Instructions to follow: Produce a word-for-word copy of the lines from the one that contains "used 2024 Ford Escape car, priced at $22,700" to the final line of the data below, with all pictures dropped.

Provided data:
- - - - - - -

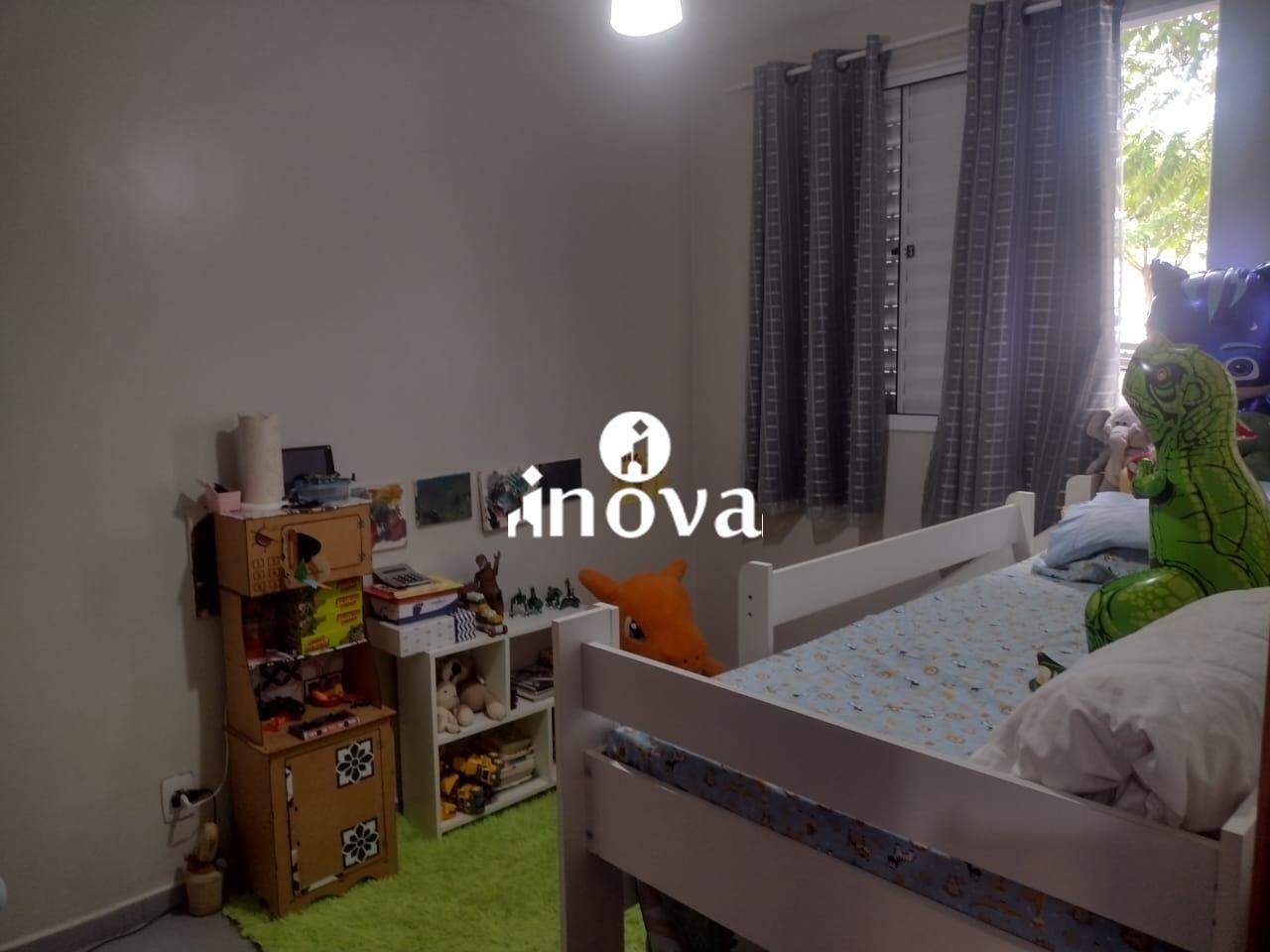 Apartamento à venda no Buritis, Residencial: 
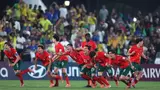 Mondial U17: Le Portugal sacré...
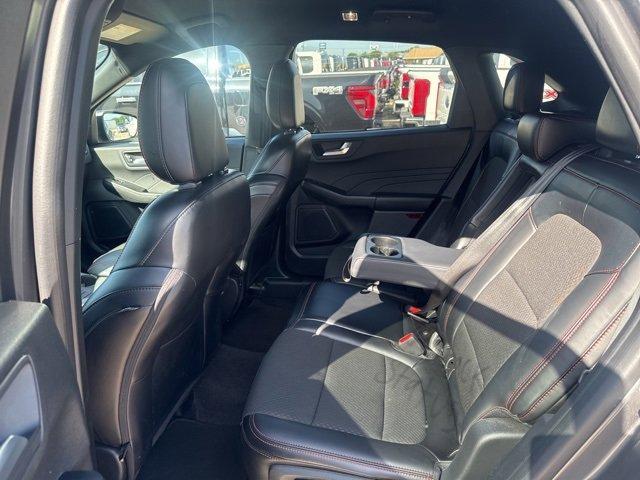 used 2024 Ford Escape car, priced at $22,700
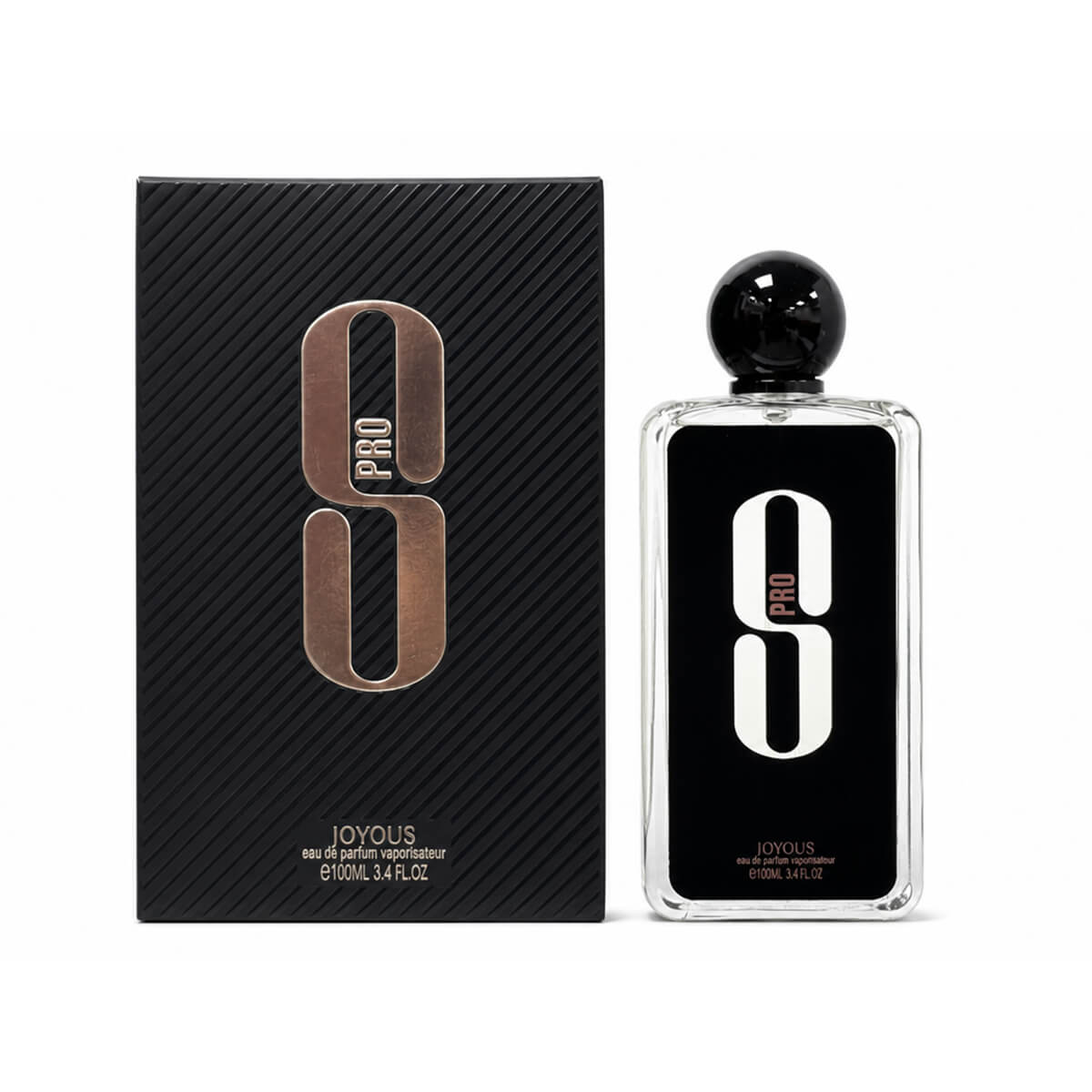 Joyous 8 Pro Eau De Parfum 100ml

- - - - - - -

Result for this task:
 used 2024 Ford Escape car, priced at $22,700
 Joyous 8 Pro Eau De Parfum 100ml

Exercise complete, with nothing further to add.